Common DevOps Interview Questions Candidates Fail

I’ve interviewed hundreds of DevOps and Platform Engineering candidates. Most can tell me what Kubernetes is. Most can explain CI/CD pipelines. Most have terraform on their CV.

But ask them why something works the way it does, or what happens when things go wrong, and you quickly separate the senior engineers from those who followed tutorials.
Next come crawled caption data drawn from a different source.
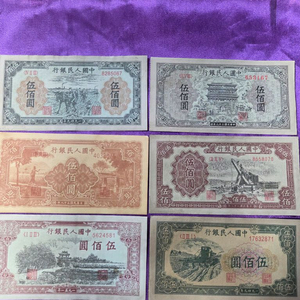 중국인민폐500위안6종 이미지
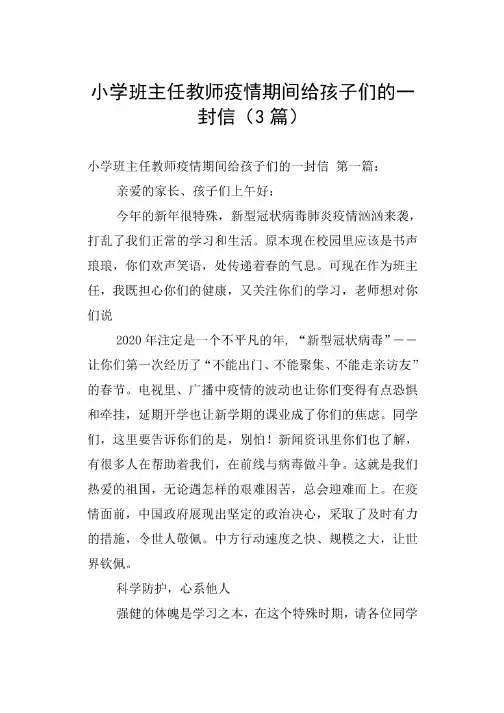小学班主任教师疫情期间给孩子们的一封信（3篇）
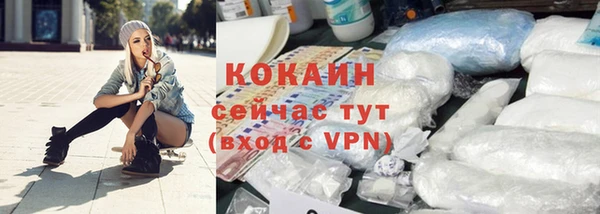 ешки Балабаново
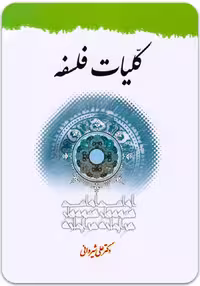 کلیات فلسفه [دکتر علی شیروانی]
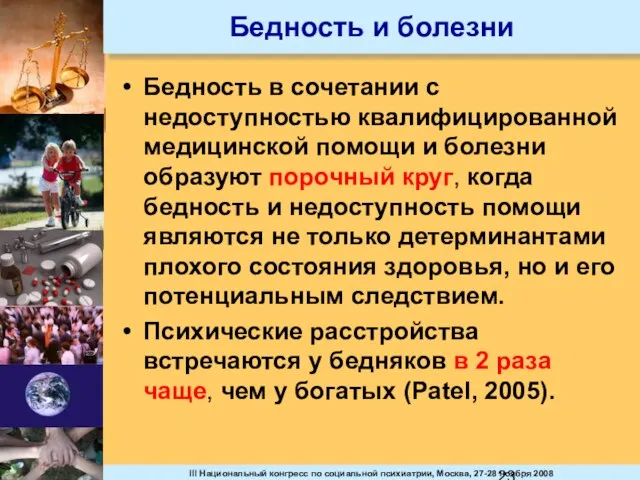 Бедность и болезни Бедность в сочетании с недоступностью квалифицированной медицинской помощи и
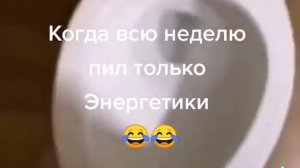 когда всю неделю пил только энергетики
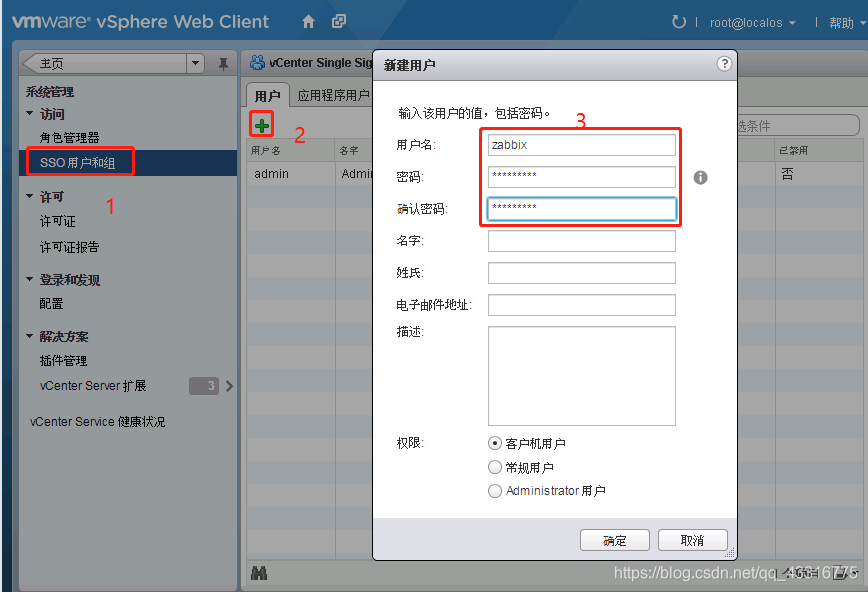 web客户端端口更改web服务端口怎么打开-第2张图片-太平洋在线下载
These are the questions that trip people up - not because they’re trick questions, but because they require actual understanding rather than memorisation.

TL;DR

Candidates fail questions that probe why, not what
Troubleshooting scenarios reveal real experience
Understanding trade-offs matters more than knowing the “right” answer
Interviewers want to see how you think, not what you’ve memorised
The best answers acknowledge complexity and trade-offs

1. “A pod is stuck in Pending. Walk me through how you’d debug it.”

Why candidates fail: They jump straight to kubectl describe pod without explaining their mental model.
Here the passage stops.